Work instructions
The number of lines containing "Saint" is the only answer wanted; work it out from the entries below.

····················

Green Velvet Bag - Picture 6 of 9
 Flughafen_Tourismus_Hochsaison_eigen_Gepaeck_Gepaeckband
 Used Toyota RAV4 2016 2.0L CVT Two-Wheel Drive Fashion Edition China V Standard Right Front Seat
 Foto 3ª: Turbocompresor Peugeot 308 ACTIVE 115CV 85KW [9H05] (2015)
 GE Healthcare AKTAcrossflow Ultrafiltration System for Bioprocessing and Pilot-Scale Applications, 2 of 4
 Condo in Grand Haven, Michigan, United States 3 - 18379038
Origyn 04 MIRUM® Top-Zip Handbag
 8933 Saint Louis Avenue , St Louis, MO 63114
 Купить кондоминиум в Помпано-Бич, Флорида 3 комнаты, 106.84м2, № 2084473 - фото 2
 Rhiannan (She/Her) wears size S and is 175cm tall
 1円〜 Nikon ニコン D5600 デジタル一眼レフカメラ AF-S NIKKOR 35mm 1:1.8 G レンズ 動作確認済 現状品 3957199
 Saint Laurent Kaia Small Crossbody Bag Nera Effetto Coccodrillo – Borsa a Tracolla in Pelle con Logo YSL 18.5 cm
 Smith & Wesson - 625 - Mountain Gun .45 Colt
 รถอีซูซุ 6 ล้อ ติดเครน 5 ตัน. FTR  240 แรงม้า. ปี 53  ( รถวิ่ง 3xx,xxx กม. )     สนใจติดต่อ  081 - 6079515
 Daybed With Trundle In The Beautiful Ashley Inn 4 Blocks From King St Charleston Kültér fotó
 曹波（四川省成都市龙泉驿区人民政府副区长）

····················

Exercise answer
2